Ursula von der Leyen, Dark Horse candidate, wins top EU job

Ursula von der Leyen of Germany, who emerged only recently as an unexpected compromise candidate to be the European Union’s top bureaucrat, on Tuesday clinched her selection, winning approval by the European Parliament after steering left from her usual centre-right position.

>>Matina Stevis-GridneffThe New York Times
Published : 17 July 2019, 07:44 AM
Updated : 17 July 2019, 07:44 AM

The first woman ever chosen to lead the European Commission and the 32,000-member staff at the heart of the European project, von der Leyen will take on the role as the bloc is increasingly caught in global strategic, trade and ideological struggles involving Russia, China, the United States, Iran and other nations, and while it faces internal divisions stoked by rising nationalism.

She will represent the European Union, 28 countries and more than half a billion people that together form the richest collective in the world, in major events like the Group of 20 meetings. She will be tasked with advancing the bloc’s interests in trade talks with President Donald Trump and other world leaders, and she will oversee Brexit, and its aftermath.

Von der Leyen, 60, who will begin her five-year term as European Commission president in November, won the office after an acrimonious nomination process. European Union heads of government had agreed to nominate a president from among the candidates proposed by the political blocs in the European Parliament, but they scrapped that deal when the two top contenders faced implacable opposition.

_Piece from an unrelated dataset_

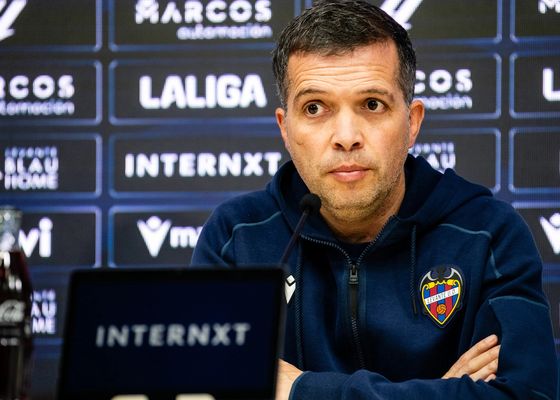 El plan de Luis Castro para asaltar el Sánchez-Pizjuán en la vuelta a casa de Carlos Álvarez: "El Sevilla tiene debilidades que hemos analizado"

After days of intense negotiations among European leaders in June and early July, they settled instead on von der Leyen, the German defense minister who had not been seen as a candidate, and sent the nomination on to the European Parliament. A member of Chancellor Angela Merkel’s center-right Christian Democratic Union, she won support to her left by promising a minimum wage and a path to a carbon-neutral Europe.

Inevitably, many in the Parliament, the only directly elected institution in the European Union, saw von der Leyen’s nomination as a cynical deal between France and Germany, an arrangement that smacked of the Old Europe that the union’s newer and smaller members resent.

She was voted in by a thin majority of 383 of 733 votes cast.